Acımasız oyun
BALYOZ Planı'yla birlikte bir şeyler iyice netlik kazanıyor. Bende oluşan intibayı arz edeyim: Ordumuzun bir kısım mensubu, daha AK Parti ile "cicim ayları" yaşanırken gözü karartmış. Mevcut elit, yeni eliti yarı merak, yarı heves, yarı heyecan ve sevecen bir ilgiyle takip ederken daha. Aydın Doğan hükümetle iyi geçinme planları yaparken daha. Emine Erdoğan'ın Davos'ta "kar kristal bir küre gibi" ifadeleriyle büyülenirken medya. "Farklılar ama hoşlar diiy miii" diye konuşulurken arkalarından. Daha başlangıç çizgisinde. Hiçbir maraza çıkmamışken bile, oturup "darbe ortamı hazırlama" planları yapmışlar. Sebep? Allah sizi inandırsın rasyonel bir sebep yok. Sene 2003. Hükümet daha gıcır gıcır, dumanı üzerinde tütmekte, hatta hükümet, içinden çıktığı kitleden çok, kendisini kabullenme zorluğu çeken kesimlerle flört halinde. "Yandaş" denilen medyaya bir demeç çok görülürken Hürriyet'te röportajlar gırla gitmekte. Mutlu günler yani.
Gelgelelim askerimiz daha o zamandan başlamış plan yapmaya, planlara doyamamış. Sonuncusu işte Balyoz, memlekette tek irticacı kalmayana dek savaşmak, ülkenin 1923 zindeliğine kavuşturulması gerekiyormuş.
Taraf'ın dün yayınladığı ses kayıtlarının dökümünde Metin Yavuz Yalçın isimli tümen komutanı, elindeki tüm imkânlarla "İstanbul'un üzerine çökeceğinden" bahsediyor. "Halkla karşı karşıya gelmek" bahsinde ettiği laflar da manidar. "Bunlar kararlarını vermişlerdir, ülkeyi bölecek parçalayacaklardır... Böyle kararlı olan bir halka karşı acımasız hareket etmek bizim görevimizdir."
Halk Balyoz'u hak etmiş anlayacağınız. Ona zemin oluşturmak için girişilecek eylemler, Fatih civarındaki kişiler ile Atatürkçü Düşünce Derneği arasında gelişmesi sağlanacak kanlı olaylardan tutun da, bir Türk jet uçağının düşürülmesine varana kadar genişliyor. Darbeye direnebilecek 200 bin kişinin Şükrü Saracoğlu ve Burhan Felek statları ile Ümraniye Netaş tesislerine doldurulması planlanmış.

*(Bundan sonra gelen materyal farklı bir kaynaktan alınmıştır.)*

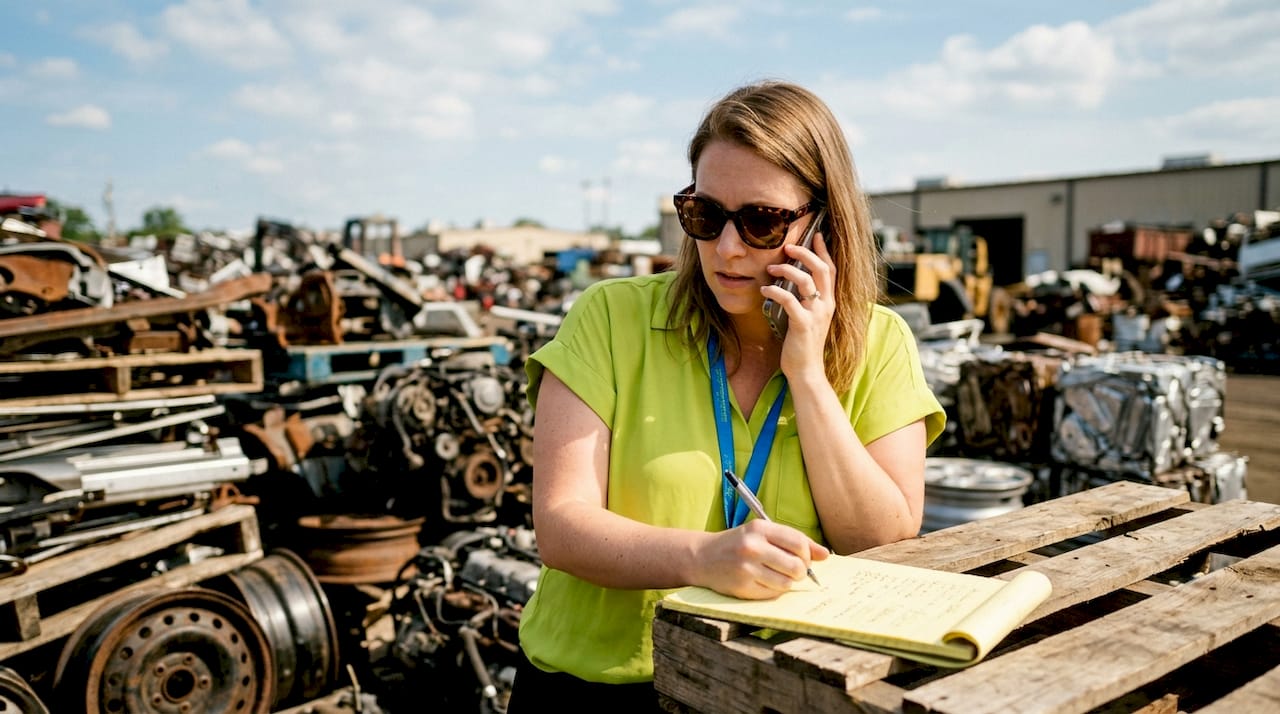 Buyer comparing scrap car prices in yard office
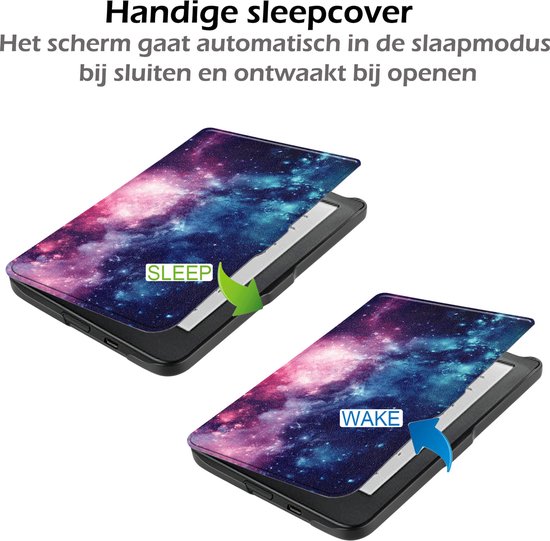 Hoesje Geschikt voor Kobo Clara HD Hoes Book Case - Hoes Geschikt voor Kobo Clara HD Hoesje Book Cover Met Screenprotector - Galaxy van Mobigear — afbeelding 3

5-7 Mart 2003 tarihlerinde İstanbul Selimiye Kışlası'nda 1. Ordu'ya bağlı tüm komutanlıkların katıldığı toplantının ses kayıt çözümlerinden anlaşılıyor ki, yıllık bir strateji toplantısı gibi planlanmış olan bu toplantı, hiç de rutin bir toplantı değil. Dün Çetin Doğan'ın t24.com'da "Bunlar asayiş ve güvenliği sağlama amaçlı rutin senaryolardır" dediği, "Harp oyunu"dur dediği planların, hükümeti tasfiye etmek için hazırlandığı paçalarından akıyor.
Toplantıda İdris Güllüce'nin nasıl yerinden edileceğine dair ifadeler bile yer alıyor. Darbede ve darbe sonrasında görev alacak ordu ile bağlantılı 843 kişinin isimleri tek tek sıralanıyor. Darbe ortamı oluşmasını sağlayacak eylemleri yapacak tim bile isim isim belirlenmiş.
Nasıl bir oyun ki, "Bu kadar kararlı bir halka acımasız olmak gerekir" gibi ifadeler kullanılabiliyor. "Suç"un adı ne zaman "oyun" oldu?
"Oyundu oyun" açıklamasını yapanların durumu, karısını öldürmek için yaptığı cinayet planı ortaya çıkınca, "Ama bu benim hobim, evet hayatımı karımı öldürmeyi planlayarak geçiriyorum, bunu seviyorum" diyen adamın durumuna benziyor. Adamı psikiyatrik inceliklerle beraat ettirdiler, ama ortada evlilik filan kalmadı. Tekrar ediyorum "evlilik" filan kalmadı. "Bölündüler" yani... Bilmem anlatabildim mi?
Bakmayın siz, "harp oyunu" ifadesine, o işin kılıfı. Mevzuyu kitabına uydurmanın askeri yolu.
Albay Süha Tanyeri'nin sunumunda geçen ve oldubitti şeklinde verilen olaylar, ele geçirilen belgelerdeki Çarşaf, Sakal, Oraj ve Suga adı verilen planların içeriğiyle örtüşüyor. Fazla söze gerek var mı?
Dur bakalım daha neler göreceğiz? Senaryoydu, strateji oyunuydu derken acaba sıra "Şaka yapmıştık"a kadar gelecek mi?